1968 galt der Neckar als „sehr stark verschmutzt”, was der Gewässergüteklasse III-IV entsprach. Nach Angaben des Amts für Umweltschutz der Stadt, sei es dann langsam besser geworden. Im Jahr 1985 galt die Güteklasse III (stark verschmutzt), 1988 Güteklasse II-III (kritisch belastet). Seit 2003 heißt es: „In jüngerer Zeit sind Tendenzen zur Güteklasse II (mäßig belastet) festzustellen. Was aber längst nicht für die Freigabe zum Badegewässer reicht. Richtig verbieten könne die Stadt es aber auch nicht, dass jemand ins Wasser steigt, wie einer der Experten später erklärte.

300 Kilometer durch den Neckar geschwommen

Martin Tschepe indes ist der Meinung, der Neckar sei sauber genug, um darin zu schwimmen – tagelang. Er ist Redakteur der Stuttgarter Zeitung und Hobby-Langstreckenschwimmer. Im Juni dieses Jahres hat er die Probe aufs Exempel gemacht: Zusammen mit Volker Heyn ist er zwei Wochen lang durch den Fluss geschwommen, 300 Kilometer von Sulz bis Mannheim. Die beiden sind beim Schwimmverein Ludwigsburg (SVL) aktiv und trainieren regelmäßig im Neckar. Bis dato, so Tschepe, hätten sie nie Probleme wegen des Wassers gehabt. Und das, obwohl sie in den zwei Wochen regelmäßig Wasser geschluckt hätten.

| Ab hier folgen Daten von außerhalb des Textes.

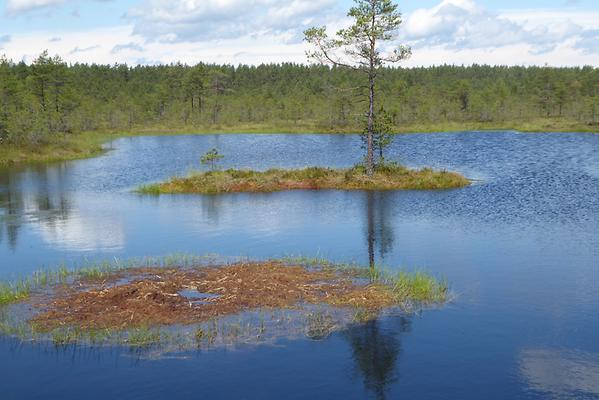 Viru Rabu bog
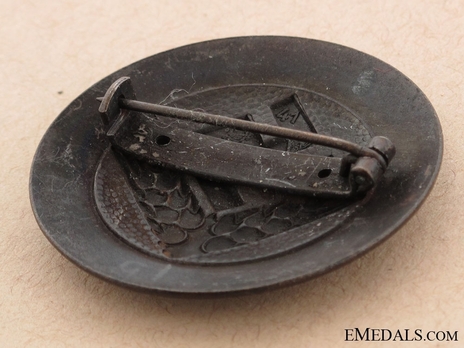 RADwJ 1939 Jungführerin Rank Brooch Reverse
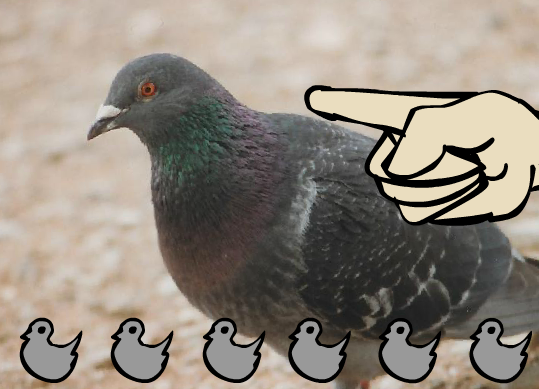 Un pigeon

Schwimmen im Neckar sei aber keinesfalls für jeden zu empfehlen, sagte der 50-Jährige. Wer sich in den Fluss wage, der sollte ordentlich trainiert sein und immer nah am Ufer bleiben. „Die großen Kähne können nämlich nicht ausweichen.“

Warnung: Der Neckar ist kein Ort für ungeübten Badespaß

Genau aus diesem Grund warnt Walter Braun, der Leiter des Wasser- und Schifffahrtsamtes Stuttgart, vor dem Schwimmen im Neckar. Wer zwischen die Rückströmung und die Heckwelle eines vorbeifahrenden Schiffes gerate, „hat keine Chance rauszukommen“, erklärte er. „Der Neckar ist als Wasserstraße kein Gewässer für den ungeübten Badespaß.“

Ebenfalls eine klare Warnung sprach Thomas Ruhland, der technische Leiter der DLRG Stuttgart, aus. Er weiß, dass die von Braun beschrieben Situation Realität werden kann. Im vergangen Sommer habe die DLRG-Mannschaft einen Schwimmer in Münster aus dem Neckar ziehen müssen, der zwischen ein Ausflugs- und ein Transportschiff geraten war. Neben der Strömung warnte er zudem vor der Wassertemperatur und möglichen Verletzungen durch Müll am Grund oder Treibgut.